◆ **Exercise objective**: Skip every picture and copy only the lines from the one containing "PORTER - Yoshida" to the final line of the records below.

(Pictures with short captions)
******************************
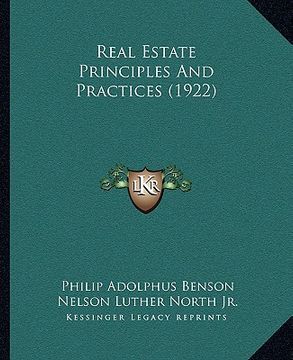 portada real estate principles and practices (1922) (en Inglés)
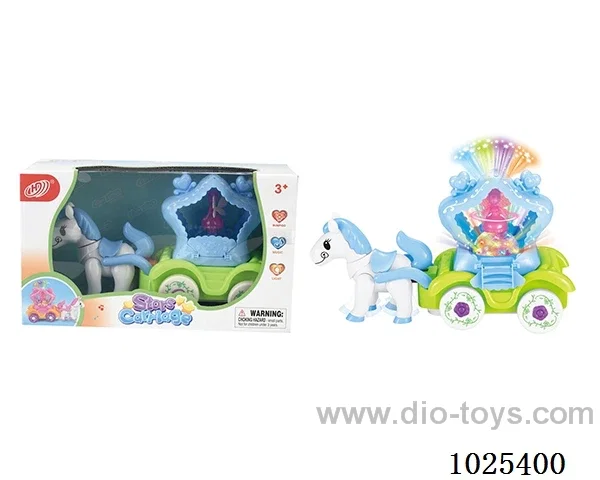 ELECTRIC PRINCESS CARRIAGE in Window
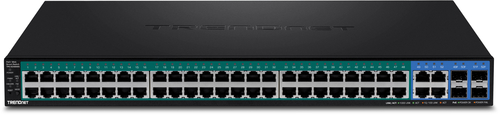 Trendnet TPE-5048WS network switch Managed Gigabit Ethernet (10/100/1000) Power over Ethernet (PoE) 1U Black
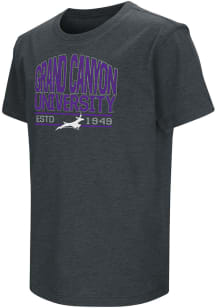 Colosseum Grand Canyon Antelopes Youth Black Playbook Short Sleeve T-Shirt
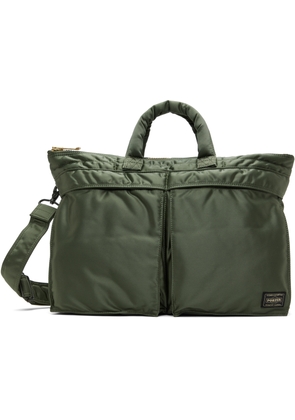PORTER - Yoshida & Co Khaki Tanker Short Helmet Briefcase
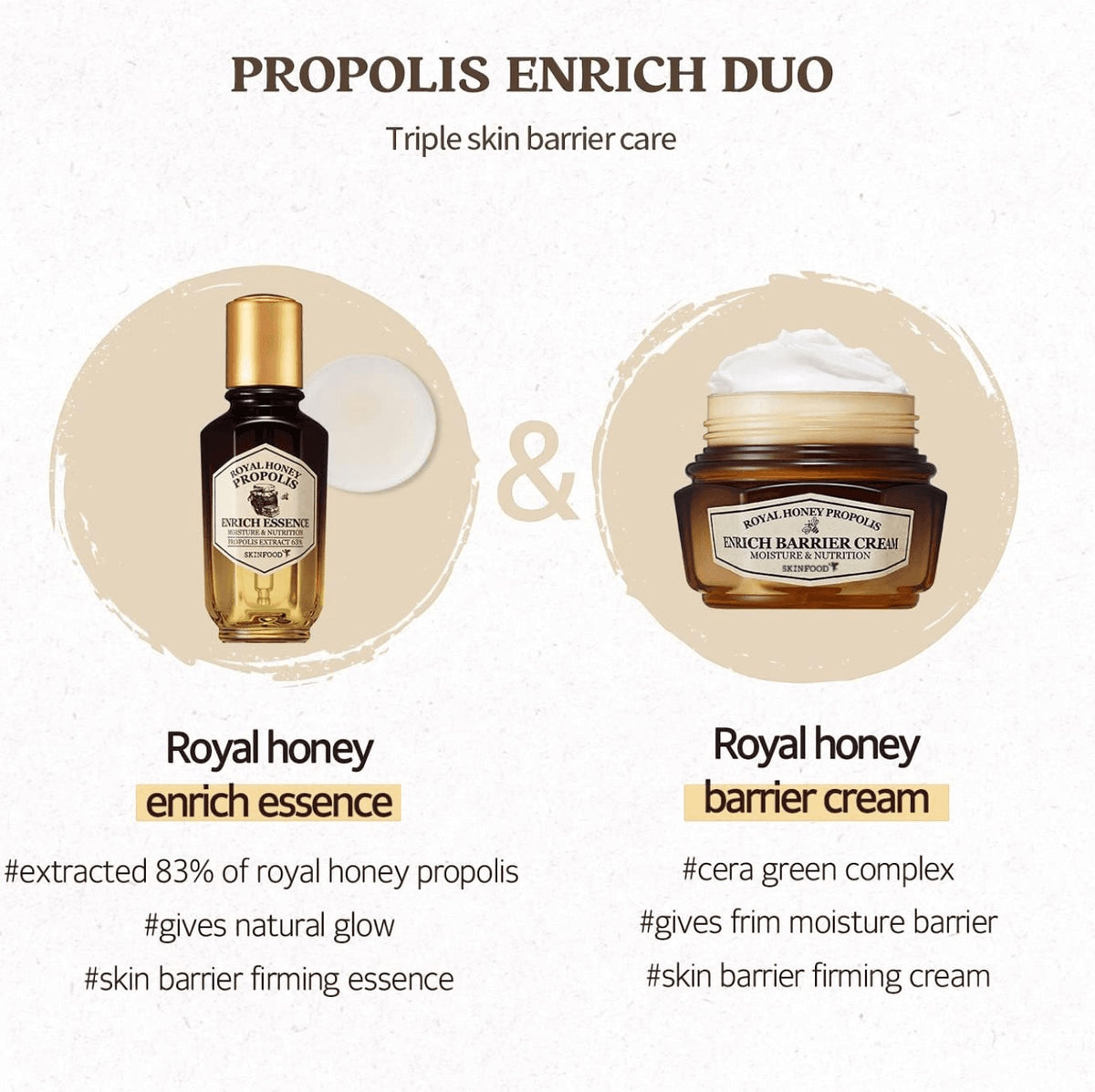 Royal Honey Propolis Enrich Barrier Cream - K-beauty glow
******************************
◆ **Task result**:
PORTER - Yoshida & Co Khaki Tanker Short Helmet Briefcase
 Royal Honey Propolis Enrich Barrier Cream - K-beauty glow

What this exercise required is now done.